Well, in vacuum the group velocity and phase velocity are identical. The velocity of light in vacuum is not really determined by the properties of the moving charges. It is a fundamental constant of nature: if you like, it is determined by the properties of the vacuum. The important feature of the charges that generate the EM wave is the frequency at which they oscillate, which gives the frequency of the resulting wave.

The distinction between phase and group velocity becomes important when you are in a dispersive medium, meaning a medium in which you have charges that are stuck in one place somehow, e.g. electrons bound to atomic nuclei. (An example of a dispersive medium is a piece of glass.) Now the speed at which light propagates will depend on its frequency, this is what dispersion means.

Basically, dispersion arises because the bound charges have their own frequency that they like to oscillate at. However, the incoming light forces them to oscillate at a different frequency. The way they react to the incoming light (the amplitude of their oscillation) depends on how the light's frequency compares to their own favourite frequency. The bound charges' reaction is really important because the total EM wave that you observe is the sum of the incoming wave and the contribution from the oscillating charges, which re-radiate EM waves at an amplitude depending on their amplitude of oscillation.
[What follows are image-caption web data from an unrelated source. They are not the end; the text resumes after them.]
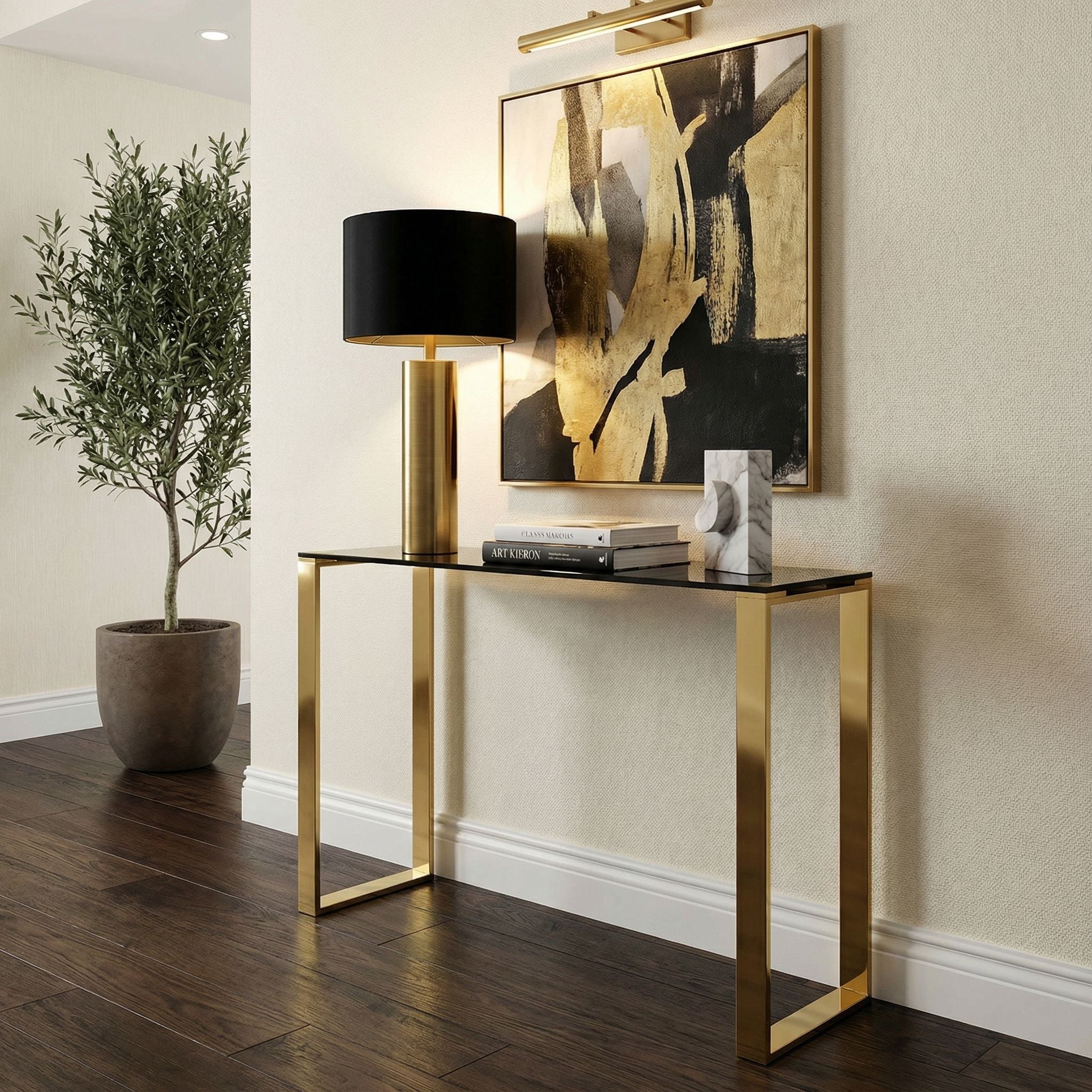 Remini Narrow Contemporary Glass Console Table in Polished Gold Finish, Black Glass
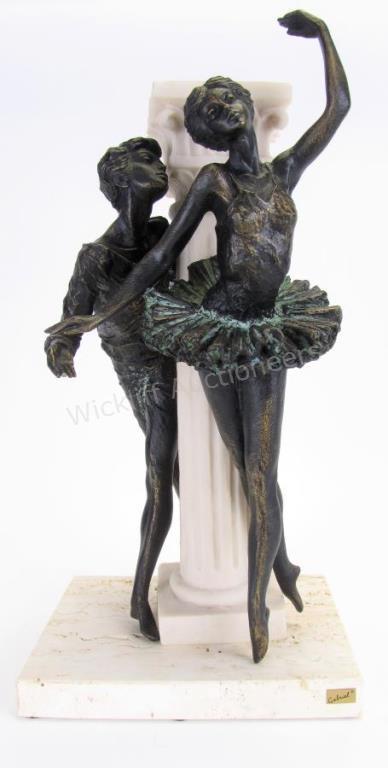 Appraisal: Ballet Dancers Figural Grouping depicting male dancer leaning around a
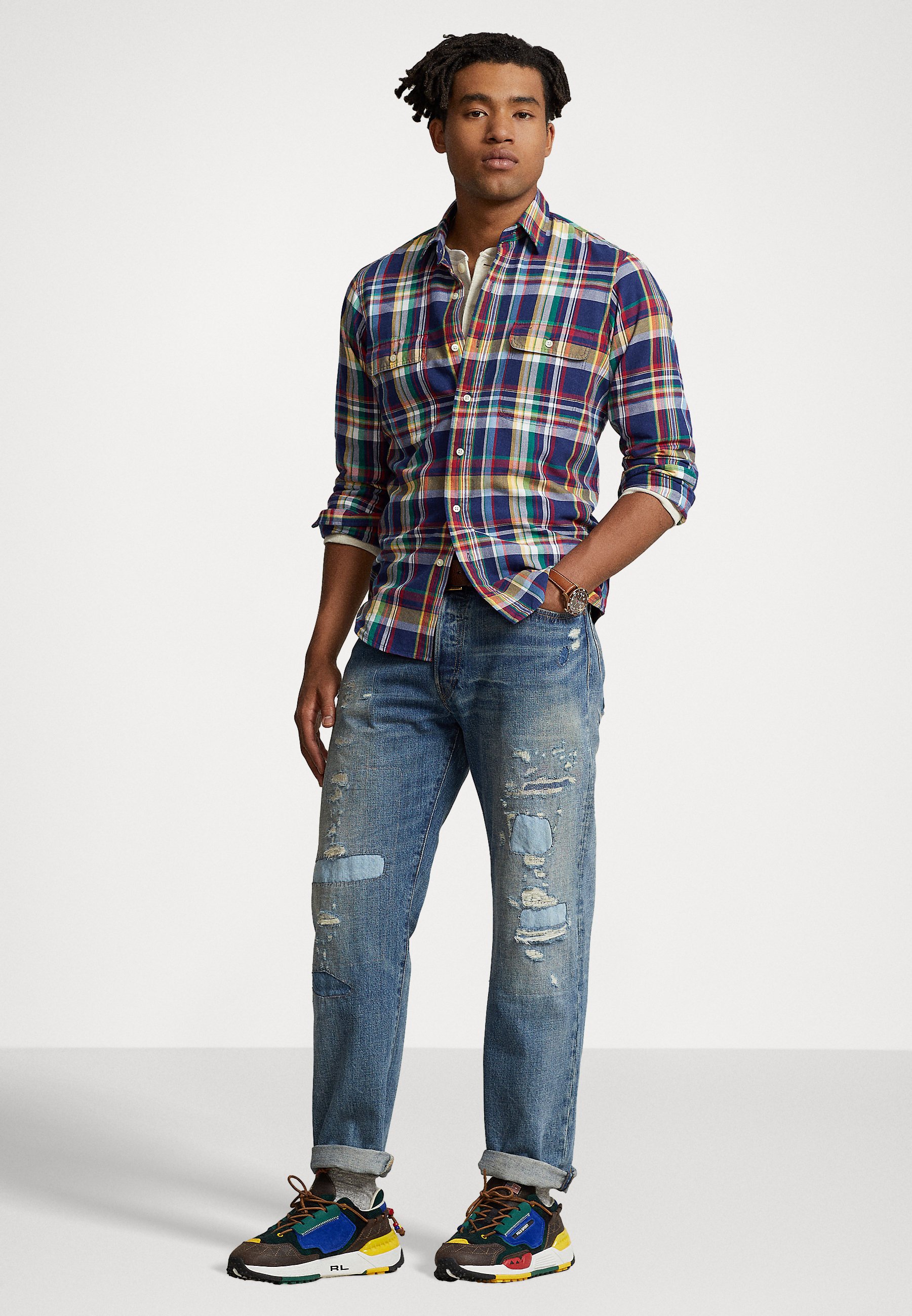 Polo Ralph Lauren LONG SLEEVE SPORT SHIRT - Shirt - navy/yellow multi/multi-coloured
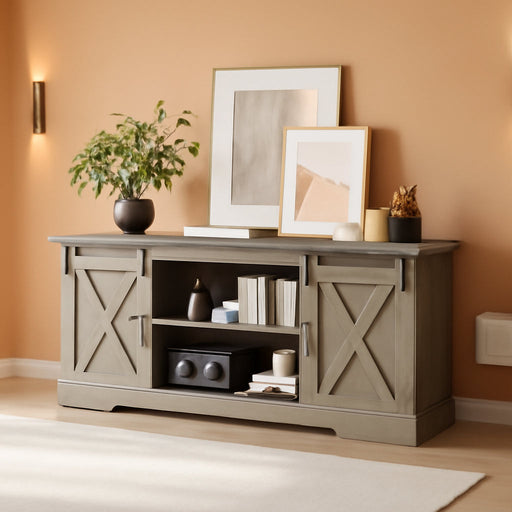 Farmhouse Tv Stand for 65 Inches Tvs, Entertainment Center with Storage and Sliding Barn Doors, Adjustable Shelf Modern Media TV Console TV Stand Table for Living Room, Bedroom, Grey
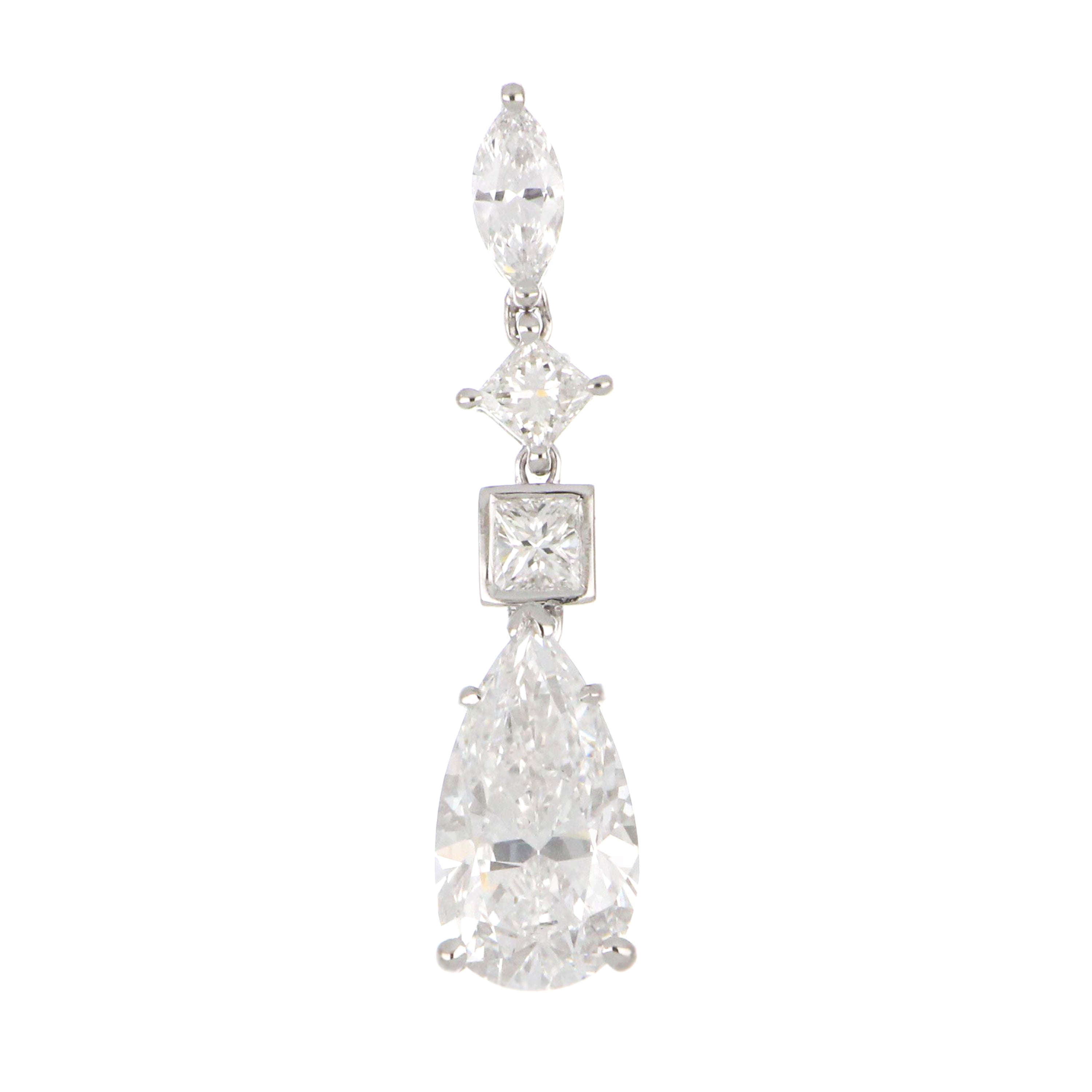 Close-up of pear-shaped 2.00ct diamond with marquise and princess cut diamonds on 18kt white gold pendant
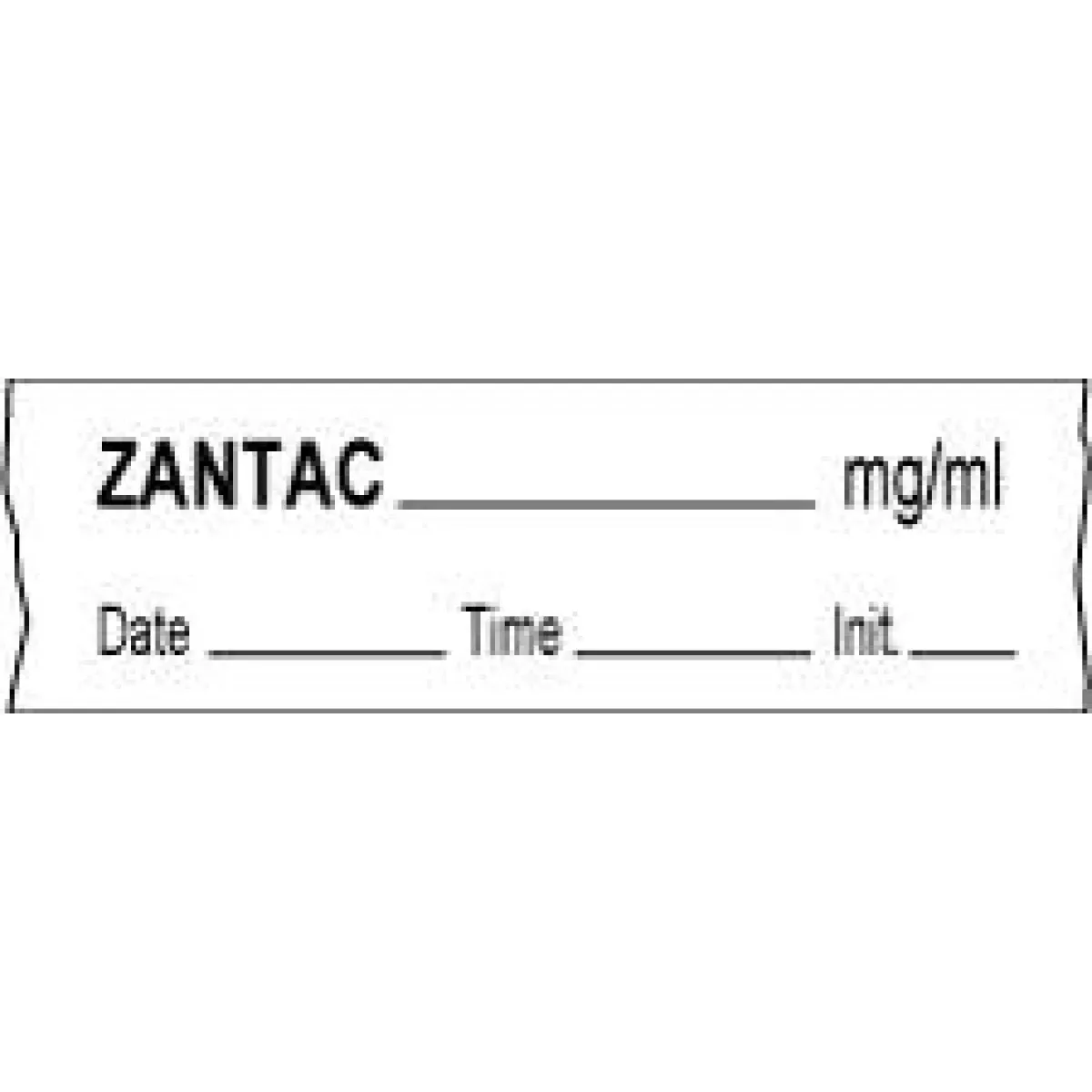 Anesthesia Tape With Date, Time & Initial (Removable) Zantac Mg/Ml 1/2" X 500" - 333 Imprints - White - 500 Inches Per Roll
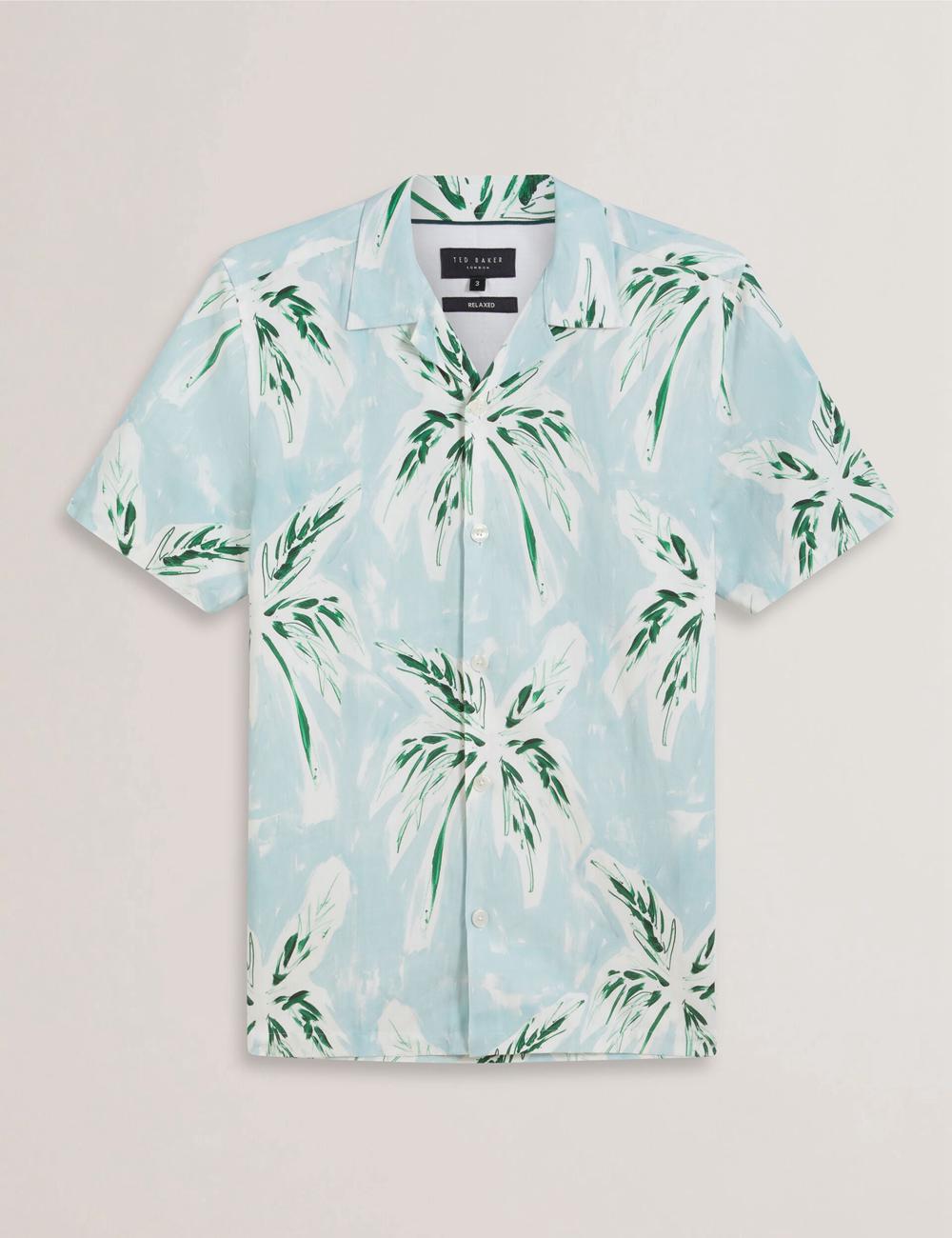 Men Ted Baker BOCHE - Short Sleeve Regular Tropical Palm Tree Casual Shirts Green | KSA  7025-LSDXB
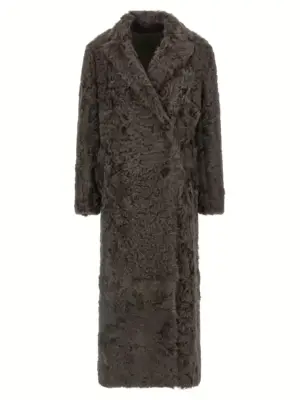 Wavy shearling coat BRUNELLO CUCINELLI Brown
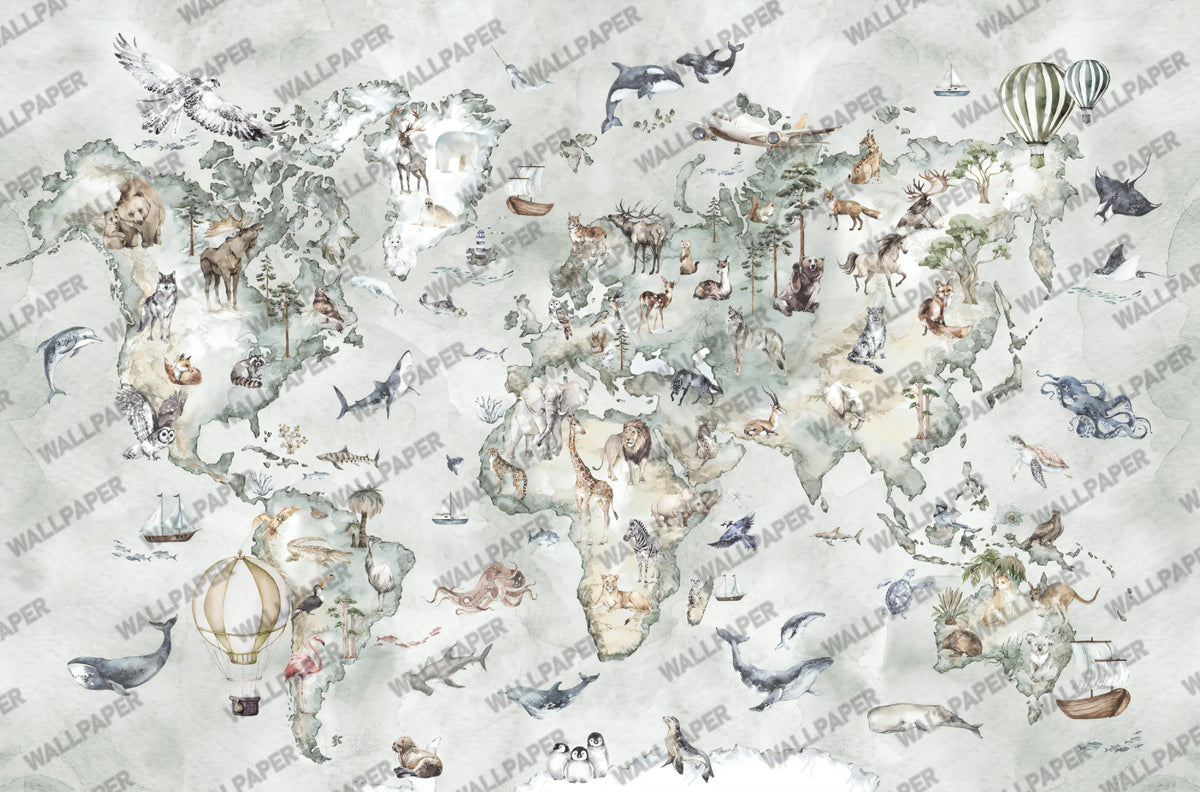 Animal World Map Wallpaper : Soft Mint Kids Atlas Mural - flat design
Given that different frequencies of light have different speeds (i.e. phase velocities), we can now see why the group velocity is different, in general. The phase velocity is $$ v_p = \frac{\omega}{k}, $$ and the group velocity is $$ v_g = \frac{\partial \omega}{\partial k}, $$ which are only the same if $\omega = c k$, with $c$ a constant (the speed of light). This is why $v_p = v_g$ in vacuum. (Here $\omega$ is angular frequency and $k = 2\pi/\lambda$ is wavenumber.) However, if different frequencies have different velocities, then $v_p(\omega)$ is a non-trivial function of $\omega$, which is only true if the relationship between $\omega$ and $k$ (the dispersion relation) is more complicated than just the linear one. In other words, in a dispersive medium, $\omega \neq c k$. But the condition $v_p = v_g$ implies that $$\frac{\partial \omega}{\partial k} = \frac{\omega}{k} \; \Leftrightarrow \; \omega = c k, $$ which shows that if dispersion is present then $v_p \neq v_g$. To see why group velocity is a useful measure of how a wavepacket moves, which is the usual interpretation, see e.g. Wikipedia.

The microscopic origin of dispersion is non-trivial, so I'll leave it to greater luminaries than I to give a proper explanation. This was really just a comment that got a bit long. Good question though, hopefully someone really clever will go into all the gory details :)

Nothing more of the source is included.